Abstract
mTOR is a serine/threonine kinase and plays a critical role in mammalian cell growth, survival, and metabolism. mTOR is present in two cellular complexes: mTORC1 and mTORC2. Dysregulation of the mTOR pathway has been related to tumorigenesis, poor prognosis and/or chemotherapy resistance in a variety of malignancies. Inhibition of mTORC1 by Rapamycin and its analogs has been explored to treat a number of tumors. However, the effectiveness of patient response is limited and not all patients respond. Second generation of mTOR inhibitors have recently been developed to target mTOR kinase activity and to suppress both mTORC1 and mTORC2. Dual mTORC1/mTORC2 inhibitors generally are more efficacious in preclinical studies and clinical trials. We and others have recently found that dual mTORC1/mTORC2 inhibitors sensitize T-cell acute lymphocytic leukemia and rhabdomyosarcoma cells to DNA damaging agents by suppression of expression of FANCD2 of the Fanconi anemia pathway, an important DNA repair mechanism that is associated with drug resistance of multiple types of cancer.

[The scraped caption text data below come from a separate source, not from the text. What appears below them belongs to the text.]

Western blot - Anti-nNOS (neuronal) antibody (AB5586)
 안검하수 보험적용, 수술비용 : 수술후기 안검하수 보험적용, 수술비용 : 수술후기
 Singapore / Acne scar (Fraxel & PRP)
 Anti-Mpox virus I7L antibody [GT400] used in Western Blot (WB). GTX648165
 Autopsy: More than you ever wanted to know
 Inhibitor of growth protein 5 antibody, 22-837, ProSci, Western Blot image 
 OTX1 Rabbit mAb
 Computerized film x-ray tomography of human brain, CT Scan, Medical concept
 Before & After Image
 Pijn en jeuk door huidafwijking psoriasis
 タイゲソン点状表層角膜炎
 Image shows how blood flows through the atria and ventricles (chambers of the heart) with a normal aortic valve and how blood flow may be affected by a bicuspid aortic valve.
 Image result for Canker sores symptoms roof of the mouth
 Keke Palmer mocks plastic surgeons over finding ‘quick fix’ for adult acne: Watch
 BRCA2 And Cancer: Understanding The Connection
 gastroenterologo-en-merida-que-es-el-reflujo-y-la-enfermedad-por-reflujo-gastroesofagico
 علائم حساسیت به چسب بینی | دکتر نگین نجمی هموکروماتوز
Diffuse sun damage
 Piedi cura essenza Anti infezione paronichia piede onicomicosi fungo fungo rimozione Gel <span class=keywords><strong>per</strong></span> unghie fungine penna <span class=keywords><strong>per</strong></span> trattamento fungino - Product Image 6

This review will highlight mTOR and the Fanconi anemia pathway in cancer, with a particular attention to our newly discovered connection between mTOR and the Fanconi anemia pathway.
Keywords: mTOR, Fanconi anemia pathway, FANCD2, DNA repair, Tumorigenesis, Drug resistance, mTOR targeting
Introduction
The mammalian target of Rapamycin (mTOR) is a serine/threonine kinase that signals through two parallel molecular complexes: mTOR complex 1 (mTORC1) and mTORC2 [1]. mTORC1 contains Raptor, mLST8, PRAS40 and Deptor, while mTORC2 contains Rictor, mLST8, mSIN1 and Protor [1]. In response to nutrients, growth factors, and intracellular energy status, mTORC1 is activated by signaling through phosphatidylinositol-3-OH kinase (PI3K), PDK1 and Akt [2]. mTORC1 activation leads to phosphorylation of the translational regulators S6K1 and 4E-BP to regulate protein synthesis, cell growth and metabolism. mTORC2, on the other hand, can regulate cell survival via phosphorylating Akt on Ser473 [2,3]. The critical role of mTOR is attested by the lethality of mice harboring full-body knockout of mTOR and by tissue-specific knockout of mTOR complex components [4-24].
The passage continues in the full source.